Angelina was very religious. Only her daughter, Sue, seemed to inherit her piety; the rest of this second generation family had been secularized by the American culture. There was a picture of Jesus on her wall that frightened me as a young boy. The Jesus with the exposed, flaming heart was too graphic; I just didn’t understand the symbolism at that age. Now in a time of open-heart surgery and antacids for heart-burn, the picture might be appropriate for some graphic advertisement. Angelina was always laughing, especially when Luigi would get angry. They fed off each other—the more she laughed, the angrier he became, until he left in disgust.

Seldom could I understand my grandmother. She never mastered the English language, and I never became fluent in Italian, but her love transcended speech. Every encounter was an opportunity for her to give you something, whether it was a coin, a piece of fruit, or some token that represented her generous spirit. Most often she wanted you to eat.

Angelina was a terrible cook. If she didn’t like the taste of her pasta sauce, she would grab the nearest bottle of wine, or pour schnapps into the vegetables, or add some other ingredient that would drastically alter the taste from what one would expect. Whatever there was in the refrigerator that she wanted to get rid of ended up in the sauce. Her daughters took to preparing dinner as an act of self-defense.

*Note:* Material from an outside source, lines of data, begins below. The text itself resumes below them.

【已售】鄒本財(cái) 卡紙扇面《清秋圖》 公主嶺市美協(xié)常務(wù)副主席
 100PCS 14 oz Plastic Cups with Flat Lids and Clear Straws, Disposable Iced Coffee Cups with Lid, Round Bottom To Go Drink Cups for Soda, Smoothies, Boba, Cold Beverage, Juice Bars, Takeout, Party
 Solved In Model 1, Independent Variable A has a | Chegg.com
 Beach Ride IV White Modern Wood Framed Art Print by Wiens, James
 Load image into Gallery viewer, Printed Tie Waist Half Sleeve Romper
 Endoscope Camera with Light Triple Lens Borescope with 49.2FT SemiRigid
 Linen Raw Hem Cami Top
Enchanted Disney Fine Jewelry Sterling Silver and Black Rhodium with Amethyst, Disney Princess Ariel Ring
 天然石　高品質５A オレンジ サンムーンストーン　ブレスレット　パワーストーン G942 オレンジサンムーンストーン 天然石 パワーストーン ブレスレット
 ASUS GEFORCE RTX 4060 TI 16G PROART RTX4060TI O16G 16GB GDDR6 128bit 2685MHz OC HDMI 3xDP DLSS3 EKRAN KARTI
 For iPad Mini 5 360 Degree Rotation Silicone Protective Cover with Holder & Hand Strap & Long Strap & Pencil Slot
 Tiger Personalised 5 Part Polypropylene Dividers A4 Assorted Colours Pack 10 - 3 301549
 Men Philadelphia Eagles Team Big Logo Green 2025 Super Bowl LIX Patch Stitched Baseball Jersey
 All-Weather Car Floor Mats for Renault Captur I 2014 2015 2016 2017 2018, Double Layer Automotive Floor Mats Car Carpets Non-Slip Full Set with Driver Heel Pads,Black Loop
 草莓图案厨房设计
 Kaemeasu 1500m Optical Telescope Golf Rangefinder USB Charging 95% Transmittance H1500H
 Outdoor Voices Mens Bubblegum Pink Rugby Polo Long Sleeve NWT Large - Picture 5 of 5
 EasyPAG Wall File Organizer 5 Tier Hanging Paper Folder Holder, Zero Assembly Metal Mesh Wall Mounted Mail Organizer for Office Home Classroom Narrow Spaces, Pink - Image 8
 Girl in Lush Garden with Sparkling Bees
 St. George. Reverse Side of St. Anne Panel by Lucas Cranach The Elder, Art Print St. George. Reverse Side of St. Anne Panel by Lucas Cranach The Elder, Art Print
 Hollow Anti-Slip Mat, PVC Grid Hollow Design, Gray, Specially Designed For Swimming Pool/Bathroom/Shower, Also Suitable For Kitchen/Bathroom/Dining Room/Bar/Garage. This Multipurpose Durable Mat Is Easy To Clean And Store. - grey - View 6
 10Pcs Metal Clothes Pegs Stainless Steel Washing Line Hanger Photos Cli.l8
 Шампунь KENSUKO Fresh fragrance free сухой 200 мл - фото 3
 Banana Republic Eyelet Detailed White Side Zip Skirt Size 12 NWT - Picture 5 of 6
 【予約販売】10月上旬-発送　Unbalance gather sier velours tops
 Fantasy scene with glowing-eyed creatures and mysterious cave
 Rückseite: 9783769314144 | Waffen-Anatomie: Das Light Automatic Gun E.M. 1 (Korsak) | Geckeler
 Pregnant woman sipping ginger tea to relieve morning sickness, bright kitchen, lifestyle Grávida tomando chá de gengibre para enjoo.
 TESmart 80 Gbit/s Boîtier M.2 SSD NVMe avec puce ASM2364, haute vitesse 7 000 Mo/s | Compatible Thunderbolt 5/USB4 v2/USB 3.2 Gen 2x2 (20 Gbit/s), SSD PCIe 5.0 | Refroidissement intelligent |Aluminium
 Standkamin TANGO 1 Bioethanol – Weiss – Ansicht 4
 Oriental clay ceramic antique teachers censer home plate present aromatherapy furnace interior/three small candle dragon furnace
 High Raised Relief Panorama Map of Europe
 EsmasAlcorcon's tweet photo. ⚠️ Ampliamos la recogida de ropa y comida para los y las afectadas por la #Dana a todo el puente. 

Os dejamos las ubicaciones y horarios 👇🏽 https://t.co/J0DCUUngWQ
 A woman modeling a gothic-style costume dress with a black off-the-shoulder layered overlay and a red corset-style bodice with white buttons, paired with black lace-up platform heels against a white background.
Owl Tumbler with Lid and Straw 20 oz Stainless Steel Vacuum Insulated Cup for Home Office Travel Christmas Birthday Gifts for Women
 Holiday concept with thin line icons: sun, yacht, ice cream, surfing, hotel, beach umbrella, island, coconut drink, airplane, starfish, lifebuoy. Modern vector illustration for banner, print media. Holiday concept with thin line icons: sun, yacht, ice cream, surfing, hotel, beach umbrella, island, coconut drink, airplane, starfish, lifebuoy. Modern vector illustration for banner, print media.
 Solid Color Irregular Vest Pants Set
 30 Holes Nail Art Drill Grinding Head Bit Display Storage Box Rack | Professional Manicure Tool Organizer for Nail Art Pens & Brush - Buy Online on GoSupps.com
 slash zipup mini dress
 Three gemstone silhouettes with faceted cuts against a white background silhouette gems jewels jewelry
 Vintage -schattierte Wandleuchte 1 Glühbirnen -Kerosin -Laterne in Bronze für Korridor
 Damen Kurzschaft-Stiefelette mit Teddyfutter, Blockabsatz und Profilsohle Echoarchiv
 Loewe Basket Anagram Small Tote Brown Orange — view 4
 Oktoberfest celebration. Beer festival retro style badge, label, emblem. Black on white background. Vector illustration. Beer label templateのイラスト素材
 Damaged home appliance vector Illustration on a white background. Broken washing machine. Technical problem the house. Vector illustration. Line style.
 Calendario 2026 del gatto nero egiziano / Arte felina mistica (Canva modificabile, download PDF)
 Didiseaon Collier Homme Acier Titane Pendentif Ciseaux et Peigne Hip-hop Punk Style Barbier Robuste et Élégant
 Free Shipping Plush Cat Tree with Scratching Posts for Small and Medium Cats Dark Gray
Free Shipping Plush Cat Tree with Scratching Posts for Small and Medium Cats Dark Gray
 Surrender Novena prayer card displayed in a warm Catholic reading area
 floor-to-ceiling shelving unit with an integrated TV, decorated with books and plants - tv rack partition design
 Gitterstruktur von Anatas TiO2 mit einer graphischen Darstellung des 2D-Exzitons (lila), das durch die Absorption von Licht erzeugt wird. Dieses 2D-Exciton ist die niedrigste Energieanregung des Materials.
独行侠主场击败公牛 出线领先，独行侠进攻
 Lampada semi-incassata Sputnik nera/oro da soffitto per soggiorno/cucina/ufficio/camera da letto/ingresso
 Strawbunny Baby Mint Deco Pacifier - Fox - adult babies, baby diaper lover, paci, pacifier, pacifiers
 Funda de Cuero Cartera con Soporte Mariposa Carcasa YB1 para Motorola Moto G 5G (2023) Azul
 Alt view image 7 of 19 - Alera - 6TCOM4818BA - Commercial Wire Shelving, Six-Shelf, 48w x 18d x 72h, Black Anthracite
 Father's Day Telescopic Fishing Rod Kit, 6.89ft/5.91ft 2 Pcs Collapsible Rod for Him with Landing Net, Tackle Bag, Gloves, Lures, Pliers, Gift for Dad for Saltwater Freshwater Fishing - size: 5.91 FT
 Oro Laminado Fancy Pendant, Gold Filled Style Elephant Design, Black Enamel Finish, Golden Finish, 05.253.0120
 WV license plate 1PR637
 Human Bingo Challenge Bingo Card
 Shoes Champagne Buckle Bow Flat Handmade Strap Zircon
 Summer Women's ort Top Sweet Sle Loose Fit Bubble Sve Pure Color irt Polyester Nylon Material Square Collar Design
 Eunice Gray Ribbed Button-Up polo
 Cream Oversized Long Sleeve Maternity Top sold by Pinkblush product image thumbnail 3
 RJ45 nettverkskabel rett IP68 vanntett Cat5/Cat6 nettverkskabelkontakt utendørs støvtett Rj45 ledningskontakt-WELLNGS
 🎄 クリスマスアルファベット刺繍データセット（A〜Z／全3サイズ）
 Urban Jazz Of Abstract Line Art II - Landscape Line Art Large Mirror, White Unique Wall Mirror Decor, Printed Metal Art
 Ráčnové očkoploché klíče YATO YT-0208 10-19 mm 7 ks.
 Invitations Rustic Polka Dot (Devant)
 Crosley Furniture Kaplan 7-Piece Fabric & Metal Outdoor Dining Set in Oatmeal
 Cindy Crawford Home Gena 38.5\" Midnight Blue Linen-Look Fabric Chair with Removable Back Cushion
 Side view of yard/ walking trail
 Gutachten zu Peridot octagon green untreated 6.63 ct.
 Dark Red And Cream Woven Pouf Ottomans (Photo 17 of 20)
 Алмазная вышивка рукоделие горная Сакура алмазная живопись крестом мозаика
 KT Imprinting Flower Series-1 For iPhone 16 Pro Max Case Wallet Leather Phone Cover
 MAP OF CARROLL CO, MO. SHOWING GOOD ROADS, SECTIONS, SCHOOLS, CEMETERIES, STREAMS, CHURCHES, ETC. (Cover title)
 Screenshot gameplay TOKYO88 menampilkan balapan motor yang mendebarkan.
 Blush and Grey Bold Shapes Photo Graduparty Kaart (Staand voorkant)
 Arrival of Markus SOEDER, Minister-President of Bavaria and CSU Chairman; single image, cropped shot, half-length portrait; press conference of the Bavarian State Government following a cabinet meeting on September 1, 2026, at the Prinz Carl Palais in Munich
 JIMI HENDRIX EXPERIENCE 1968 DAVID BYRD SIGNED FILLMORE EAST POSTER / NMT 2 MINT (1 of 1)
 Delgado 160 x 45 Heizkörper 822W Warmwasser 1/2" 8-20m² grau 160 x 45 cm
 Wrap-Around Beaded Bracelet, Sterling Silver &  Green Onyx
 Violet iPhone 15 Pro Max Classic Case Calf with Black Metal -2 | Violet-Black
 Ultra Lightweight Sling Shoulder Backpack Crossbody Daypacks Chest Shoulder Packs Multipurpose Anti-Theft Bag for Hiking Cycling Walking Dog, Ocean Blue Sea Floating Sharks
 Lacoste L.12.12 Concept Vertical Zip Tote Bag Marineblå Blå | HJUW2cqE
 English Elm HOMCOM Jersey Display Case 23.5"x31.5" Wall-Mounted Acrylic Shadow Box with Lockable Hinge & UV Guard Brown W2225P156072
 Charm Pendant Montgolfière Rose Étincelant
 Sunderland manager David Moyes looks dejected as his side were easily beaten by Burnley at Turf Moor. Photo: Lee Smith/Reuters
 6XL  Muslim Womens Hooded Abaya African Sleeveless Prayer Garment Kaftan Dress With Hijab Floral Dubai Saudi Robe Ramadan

But it was never the food; it was how it was prepared and served—with love. Her table was always a welcoming place. Her table would forever be a place of memory.

The Lord’s table is a table of memory and of love and acceptance. We are drawn to that spiritual table because it is prepared for us and we are welcome there. All our hurts and sorrows are healed and we become whole.

In Robert Benton’s story, Places in the Heart, the cinematic version concludes with a communion service in a small Baptist church in rural Texas. Gathered before Christ’s table are friends and enemies, murderer and victim, black and white—life’s protagonists and antagonists all sharing the bread and cup and offering the possibility for spiritual unity in a time to come.

When the Spirit of Christ is present, every table is holy.